TASK STATEMENT -> Return nothing but the lines from the one with "Peugeot 208 1.2" through the one with "West Midlands Growth Company" in the data below, word for word and without pictures.

RECORDS FOR PROCESSING Block Start

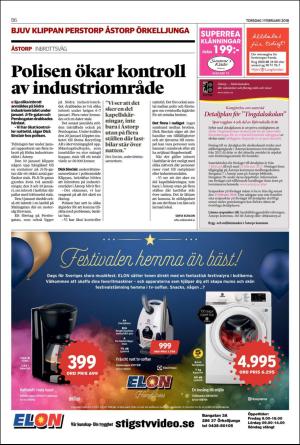 nordvastraskanestidningar_b-20180201_000_00_00_006.pdf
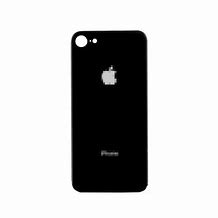 Image result for iPhone 8 Back Glass Take a Lot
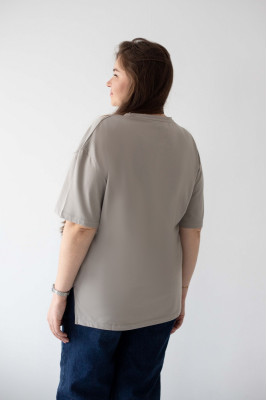 Футболка для жінок 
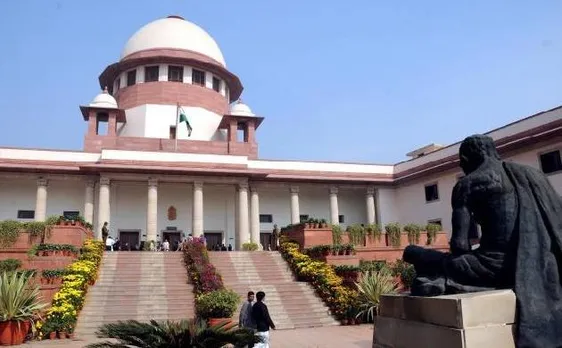 सहारा को SC से नहीं मिली राहत, एंबी वैली की नीलामी रोकने वाली याचिका खारिज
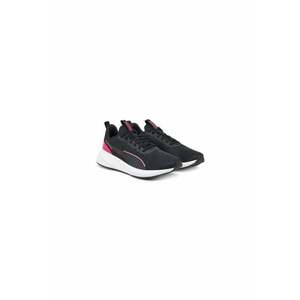 Pantofi alergat pentru dama 304561559 - Textil - 42 EU - Negru imagine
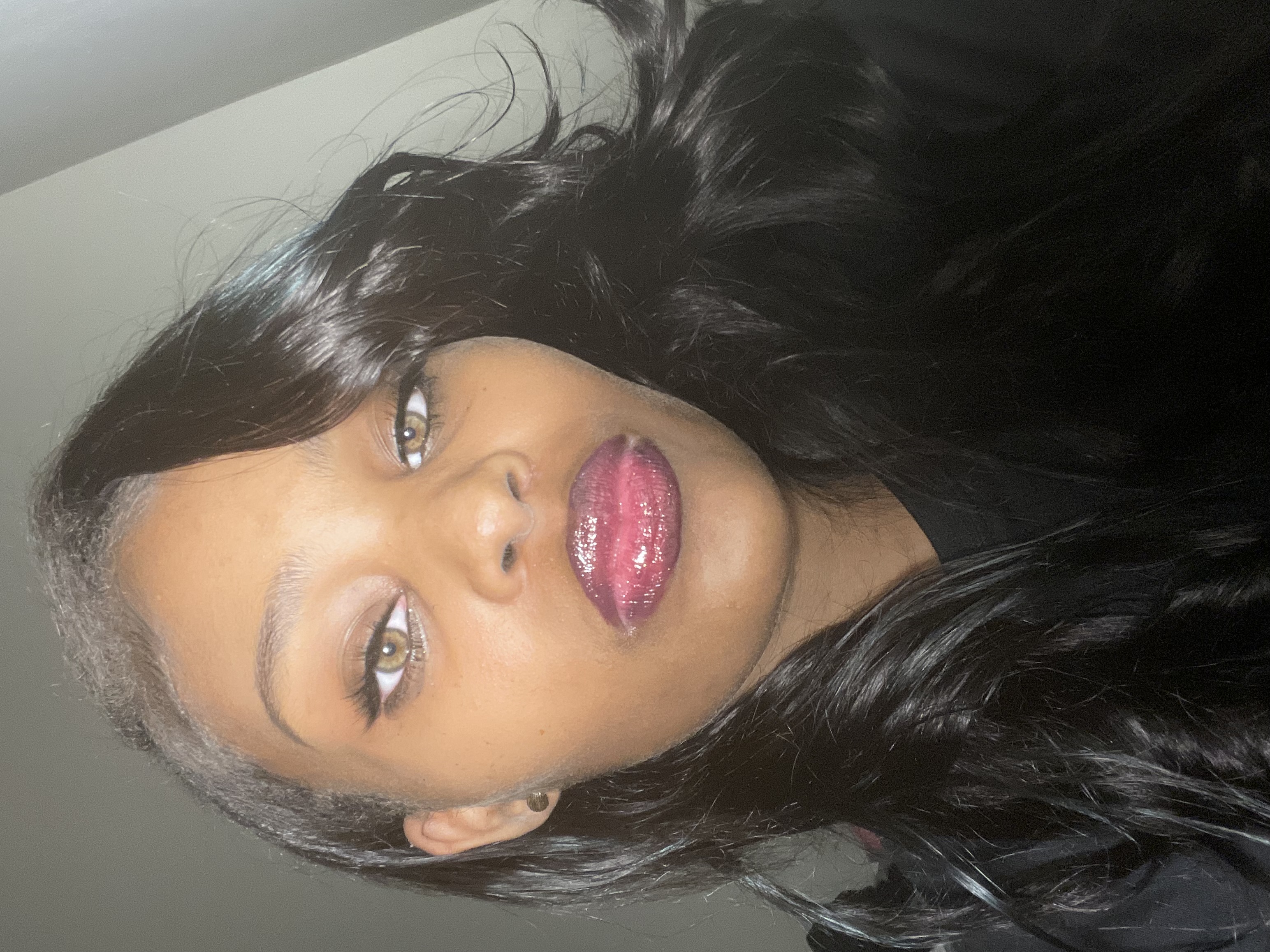 Liverpool Kindergarten Readiness tutor named Alexia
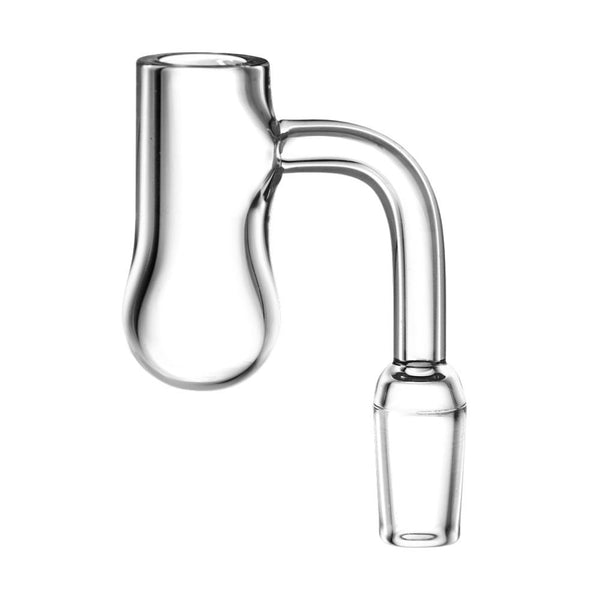 Pulsar Round Bottom Deep Bucket Banger Pulsar Round Bottom Deep Bucket Banger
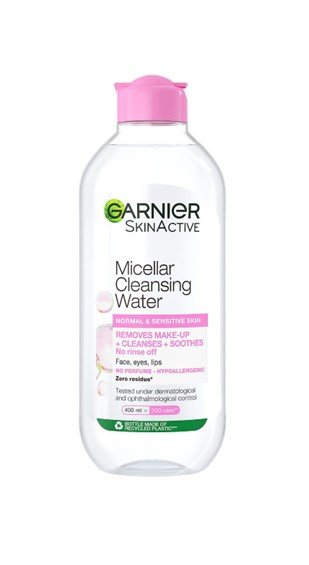 garnier_cleansing_water_for_normal_and_sensitive_skin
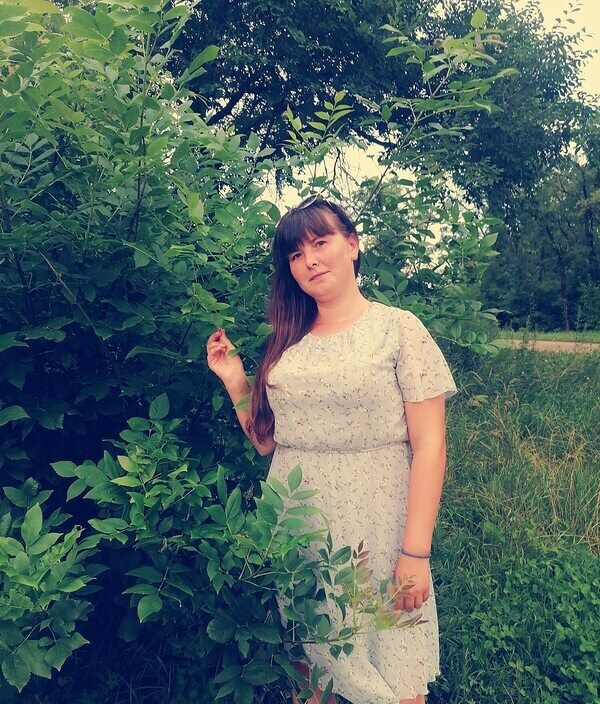 Лёлик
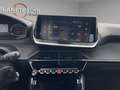 Peugeot 208 1.2 Essence 12V S\u0026S - 75  Active Business-Distri neuve. Blanc - thumbnail 9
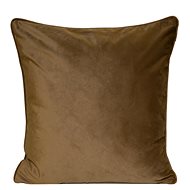 Eurofirany pillowcase, Velvet from pierre collection - Pillowcase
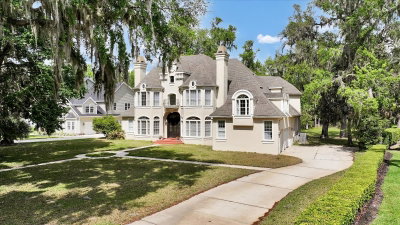 48 AUDUBON Lane, Flagler Beach, FL, 32136 — photo 2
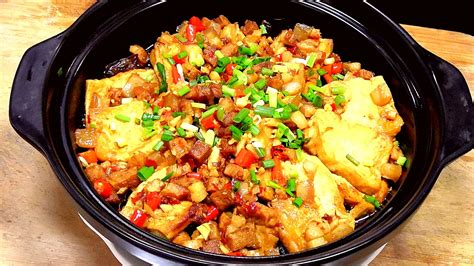 平底鍋能做什么美食,平底鍋能做什么美食好吃縮略圖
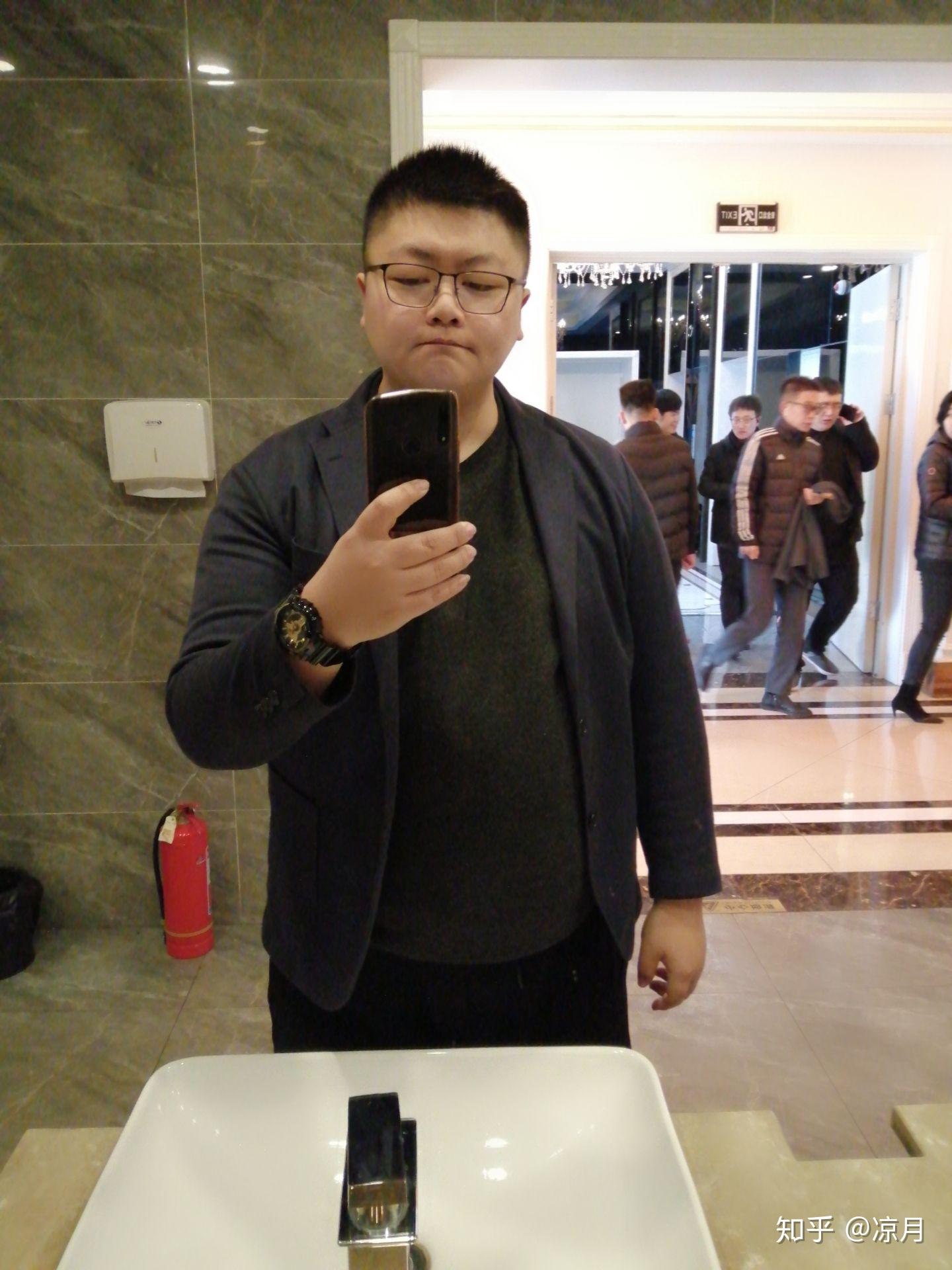 普普通通的男生都是怎么找对象的? - 知乎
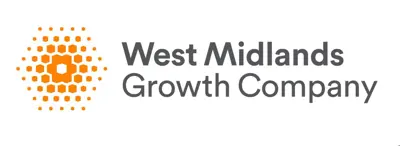 West Midlands Growth Company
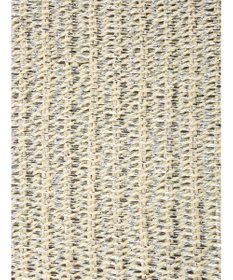 Green Parks ・ラメカゴバッグ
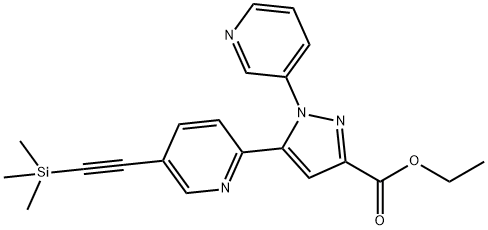 858601-25-9 structural image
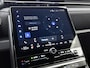 Lexus LBX Business Line 2WD | BTW Voertuig | Premium uitgevoerd |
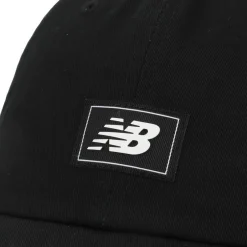 New Balance Asusteet|Asusteet*lippis 6 Panel Flying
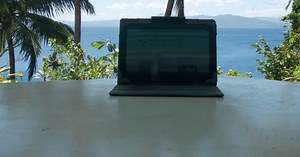 What Makes a Successful Blogger?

RECORDS FOR PROCESSING Block End

ANSWER AREA ->
 Peugeot 208 1.2 Essence 12V S\u0026S - 75  Active Business-Distri neuve. Blanc - thumbnail 9
 Eurofirany pillowcase, Velvet from pierre collection - Pillowcase
 48 AUDUBON Lane, Flagler Beach, FL, 32136 — photo 2
 平底鍋能做什么美食,平底鍋能做什么美食好吃縮略圖
 普普通通的男生都是怎么找对象的? - 知乎
 West Midlands Growth Company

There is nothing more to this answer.